The above presentation has many interactive features:
- You can click through the blocks on the top to see the slides.
- Each slide has filters that can be set, e.g. to select individual or groups of operators. You can first click “all” to deselect all items. You have to click the “apply” button at the bottom to enforce the changes. After that, click anywhere on the presentation.
- Tooltips are shown by just hovering the mouse over parts of the presentation.
- You can move the map around, and zoom in/out.
- By clicking on the legend you can highlight selected items, and include or exclude categories.
- Note that filters have to be set for each tab separately.
- The operator who currently owns the well is designated by “operator (current)”. The operator who operated a well in a past month is designated by “operator (actual)”. This distinction is useful when the ownership of a well changed over time.

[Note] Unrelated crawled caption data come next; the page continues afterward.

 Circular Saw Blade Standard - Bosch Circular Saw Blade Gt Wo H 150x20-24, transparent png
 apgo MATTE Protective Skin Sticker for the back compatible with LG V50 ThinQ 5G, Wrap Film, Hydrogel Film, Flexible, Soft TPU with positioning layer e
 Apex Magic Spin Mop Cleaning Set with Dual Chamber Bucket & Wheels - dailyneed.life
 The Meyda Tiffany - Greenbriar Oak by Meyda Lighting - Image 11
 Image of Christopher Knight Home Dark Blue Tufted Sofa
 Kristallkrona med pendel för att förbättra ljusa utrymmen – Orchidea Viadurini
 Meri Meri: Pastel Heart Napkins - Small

- If you have any questions on how to use the interactivity, or how to analyze specific questions, please don’t hesitate to ask.
Nice job, thanks.
In North Dakota, “oil” is the same as C+C as reported by the EIA, is that also the case for these charts or are they “crude only” as is the case for your Texas charts?

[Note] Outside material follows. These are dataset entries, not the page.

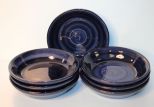 Seven Cobalt Blue Gail Pittman Bowls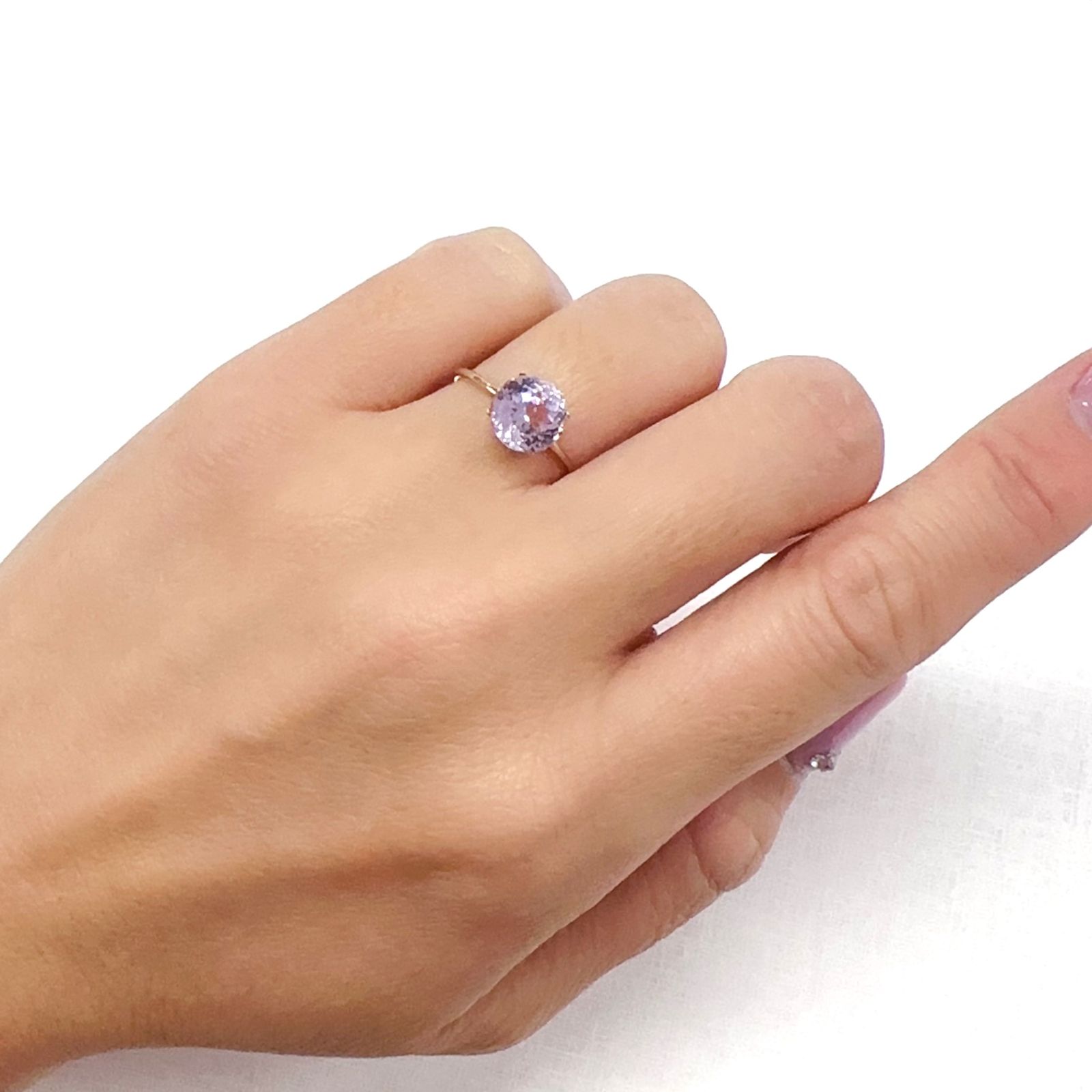 クンツァイト アフガニスタン産 2.50ct[231124350]7.7x7.7mm前後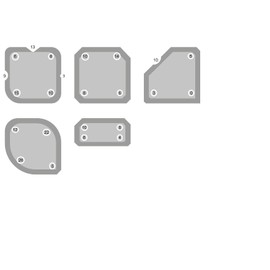 paymali Fugengl?tter Set 5-tlg - Fugenabzieher Set fr Silikon und Acryl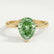 PARIS - Pear Green Lab Diamond 18k Yellow Gold Hidden Halo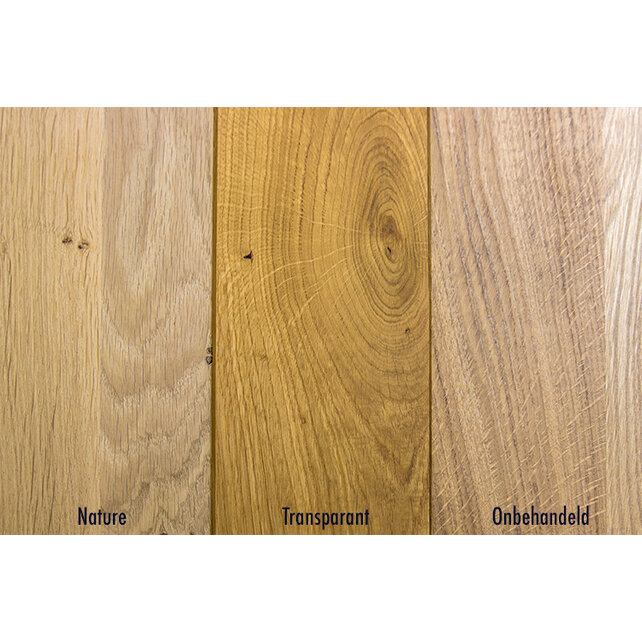 Zwevende wandplank eiken transparant geolied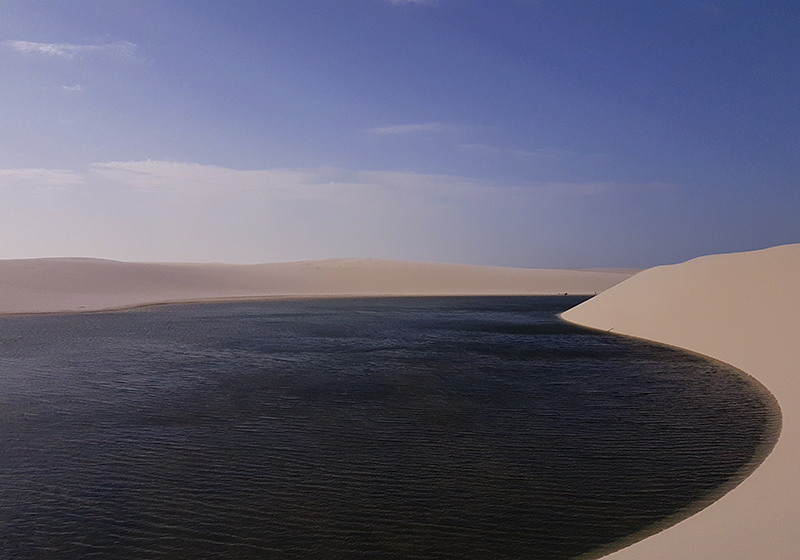 Lake In The Desert Mural Wallpaper Tenstickers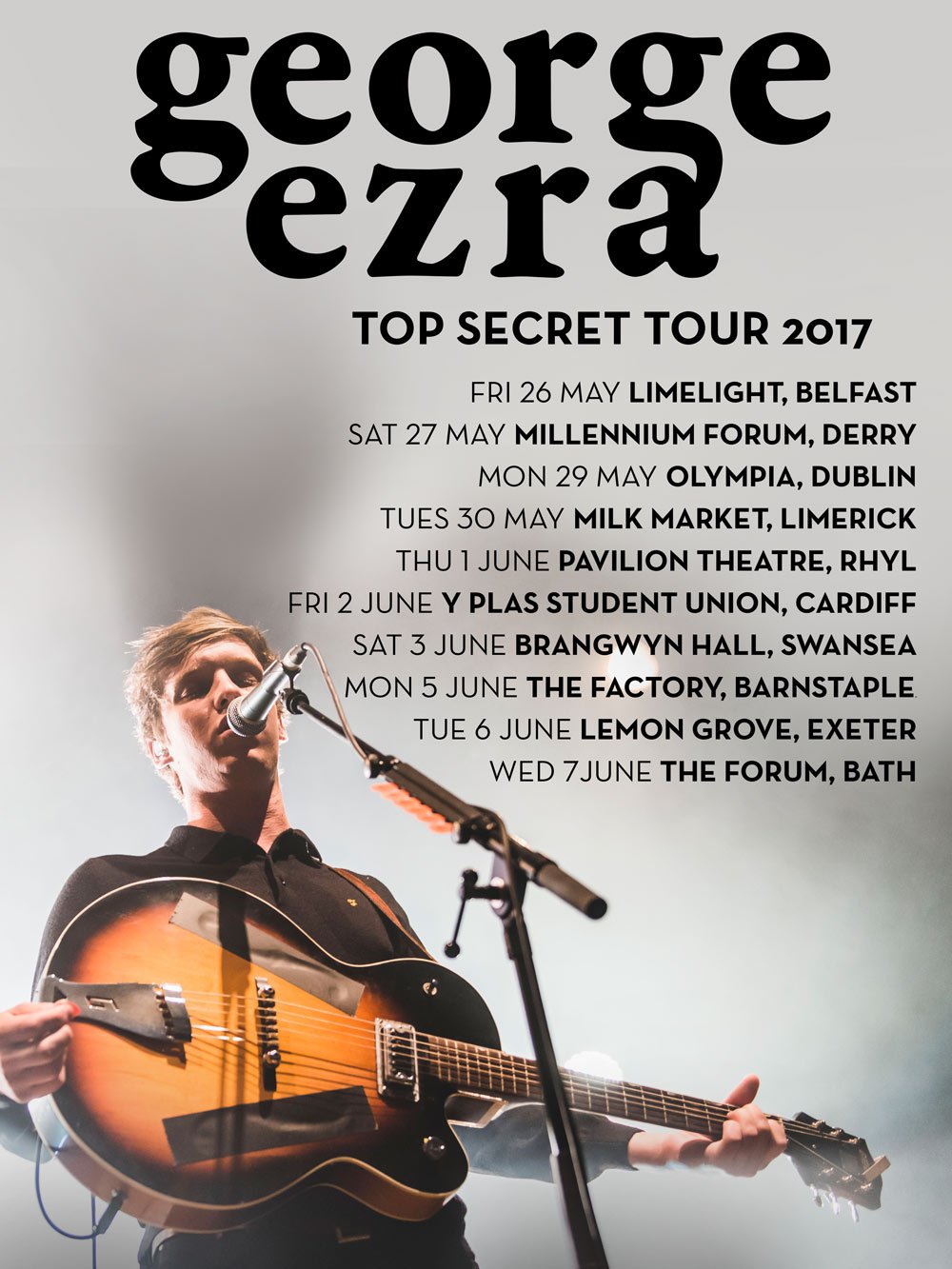 Ezra to road test new songs on intimate UK tour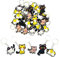 JZK Set di 30x Portachiavi a forma di gatto per bambini, porta chiavi gattino in silicone per bomboniere regalino omaggi pensierino per festa compleanno bambini regali di ringraziamento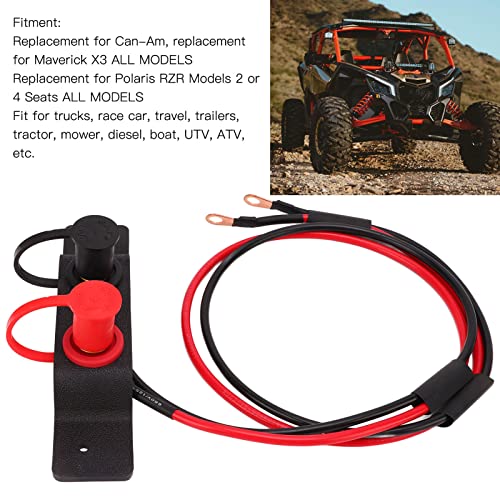 Kit de relocalisation de borne de batterie UTV avec câble de saut déporté - 2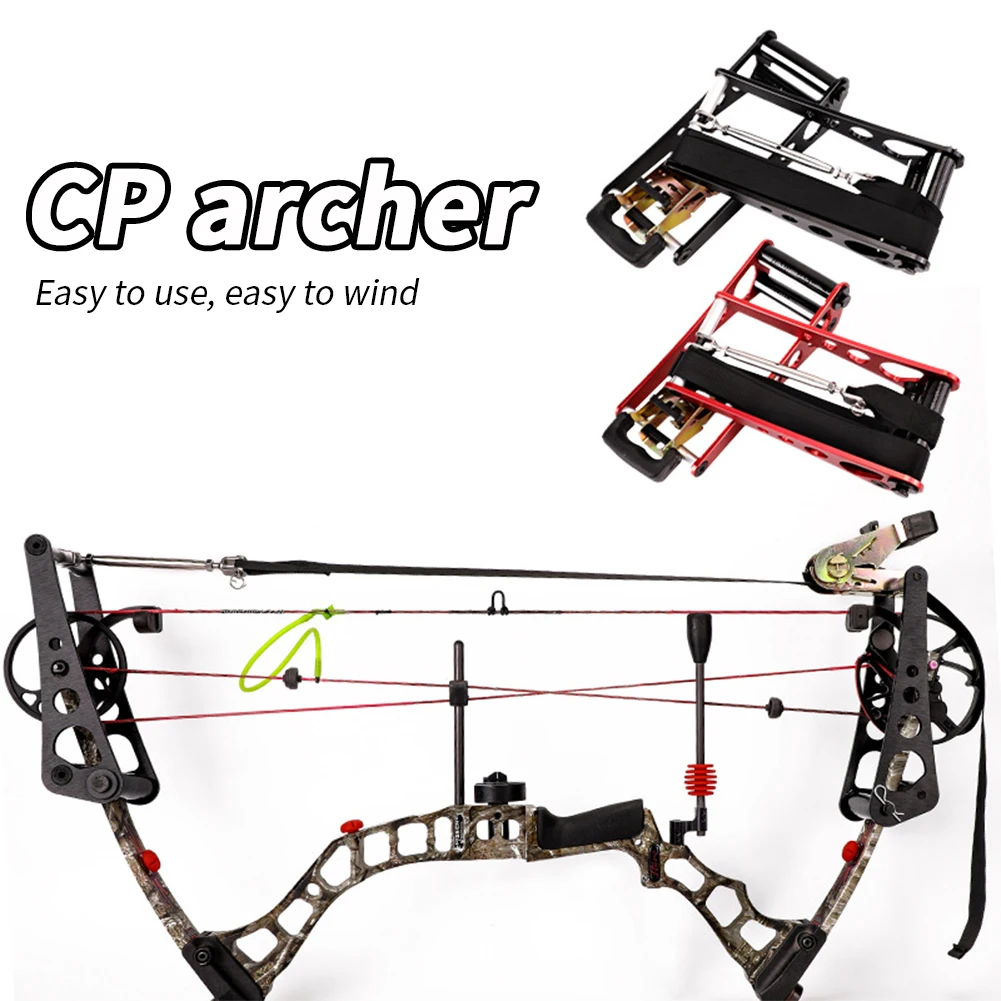 

Archery Compound Bow Press CNC Aluminum Alloy Ratchet Bow Press Open Tool For Compound Bow String Silencers Replacement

All the Bakken wells are oil wells, Dennis. It doesn’t have a gassy section like the Eagle Ford or Anadarko does. Condensate is associated oil from a gas well (designated as such because it passes some legal or conventional hurdle for amount of gas). Crude is just oil from a well that is designated as an oil well.
Both “oil” and “gas” wells have some combination of oil and gas. The three phase separator at the well head separates oil, gas, and water. Oil is just a complex mix of liquid hydrocarbons though.
Condensate is usually lighter API than crude, but it is possible for a grey area in the upper 40s where something designated a crude might even be lighter than something designated a condensate. But typically lease condensate is more into the 50s and crude is 45 and below. Something like Eagle Ford 47 API is a grey area. [I have always seen this treated as crude, but in fact refinery buyers and wholesalers treat crude and condensate alike…as different grades of crude. But completely different than NGLS like butane, isobutene, propane and ethane (purity products and gasses at room temperature).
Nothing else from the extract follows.